José Bergamín ou le puits de l'angoisse

Photographie (détail) de Juan Asensio.

Originaire de Malága, fils d'homme politique, principal disciple de Miguel de Unamuno, José Bergamín (1895-1983) est considéré comme un des plus grands essayistes et stylistes de langue espagnole. Théoricien de sa génération poétique dite de 1927 (Guillén, Alberti, Cernuda, García Lorca...), marqué et formé par les deux mêmes maîtres que Lorca, andalous également : le poète Juan Ramón Jiménez et le compositeur Manuel de Falla, ses principaux terrains d'investigation, et parfois de combat, furent l'identité espagnole, la théologie mystique, la littérature, la politique et la tauromachie. Catholique, animateur de la revue Cruz y Raya (1933-36), il s'engage contre sa propre Église en faveur de la République durant la Guerre civile, ce qui lui vaut, comme tant d'autres, d'être exilé au Mexique, en Uruguay, puis en France, jusqu'en 1958. Très vite, cependant, ses liens avec l'opposition au franquisme le rendent suspect : il est ainsi arrêté, son appartement brûlé, et, fin 1963, il doit de nouveau se réfugier en Uruguay, puis en France, sous la protection de Malraux, jusqu'en 1970. De retour, il assiste avec circonspection à la fin du franquisme, à la transition et au début du socialisme et passe la dernière année de sa vie au Pays Basque, proche des milieux indépendantistes.

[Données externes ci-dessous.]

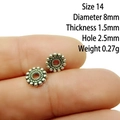 Macro detail of 8mm silver alloy spacer beads with intricate twisted rope texture - 14# (Dia 8mm Thick 1.5mm)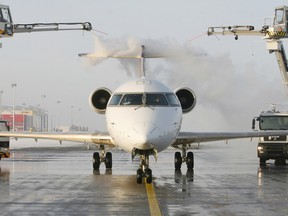 A Bombardier CRJ 900 plain gets de-iced in Germany.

Ce texte inédit en français a été publié dans le n° 3 de la revue madrilène Los cuatro vientos en juin 1933. Difficile de savoir pourquoi un essai d’une telle valeur n’a pas été intégré par José Bergamín à son recueil publié en français sous le titre de L’importance du Démon et autres choses sans importance (trad. Yves Roullière, Éditions de l’Éclat, 1993). Peut-être le considérait-il trop à mi-chemin entre deux autres essais, certes de plus grande envergure : L’importance du Démon (1932) et Labyrinthe du roman et monstre du romanesque (1934) dans lequel il est à maintes reprises question de Dostoïevski. On n’en sera pas moins sensible à la densité de la pensée et de l’écriture de Bergamín qui atteignent ici un extrême déroutant comme la grâce du chant profond andalou.
Yves Roullière


Nota bene : je rappelle que les principaux ouvrages de José Bergamín sont disponibles en français aux Éditions de l’Éclat (qui feront paraître au mois de novembre un nouveau titre : Terrorisme et persécution religieuse en Espagne) et du Rocher, tous excellemment traduits par Yves Roullière qui publiera à la rentrée une biographie intitulée José Bergamín. Le philosophe-enfant.

Quiconque a trop vu, trop entendu, ne fait pas feu qui dure (texte traduit par Yves Roullière)

1

Tolstoï tourne le dos à la Russie en nous regardant en face. C’est un Russe européen. Tout le contraire de Dostoïevski, qui s’est appelé lui-même «un Européen russe». La figuration romanesque de Tolstoï regarde l’Europe, nous donnant sa Russie en spectacle de façon vivante, car, ce faisant, Tolstoï nous donne sa propre vie, la représentation théâtrale de sa propre vie de grand Diable appauvri, de gigantesque Pauvre Diable. Et il nous la donne dans le spectacle théâtral de sa propagande religieuse et romanesque, de son mensonge pur. Cette purification du mensonge, cette façon absolument sincère de mentir, est le vivant secret de son art imaginatif, de la fiction constante, poétique et religieuse, de sa vie. Aussi se dresse-t-il orgueilleusement sur son humilité comme un fantoche représentatif de son peuple, de la passion pour le mensonge de toute la Russie – de toutes les Russies – qu’il incarne.
Dostoïevski, Européen russe, tournait le dos, en revanche, à l’Europe ; parce qu’il en venait ou revenait. Et il ne nous a jamais regardé en face ni dans son œuvre ni dans sa vie. – Ne nous aurait-il pas gardé la croix ?

2

Il y a un apparent hellénisme chez Tolstoï à opposer au christianisme essentiel de Dostoïevski. Car le mysticisme chrétien chez Tolstoï est aussi apparent que toute la contexture spirituelle de ses figurations romanesques. A La Guerre et la paix, on a justement attribué d’épiques proportions d’Iliade ; à son auteur, des vertus homériques de créateur imaginatif.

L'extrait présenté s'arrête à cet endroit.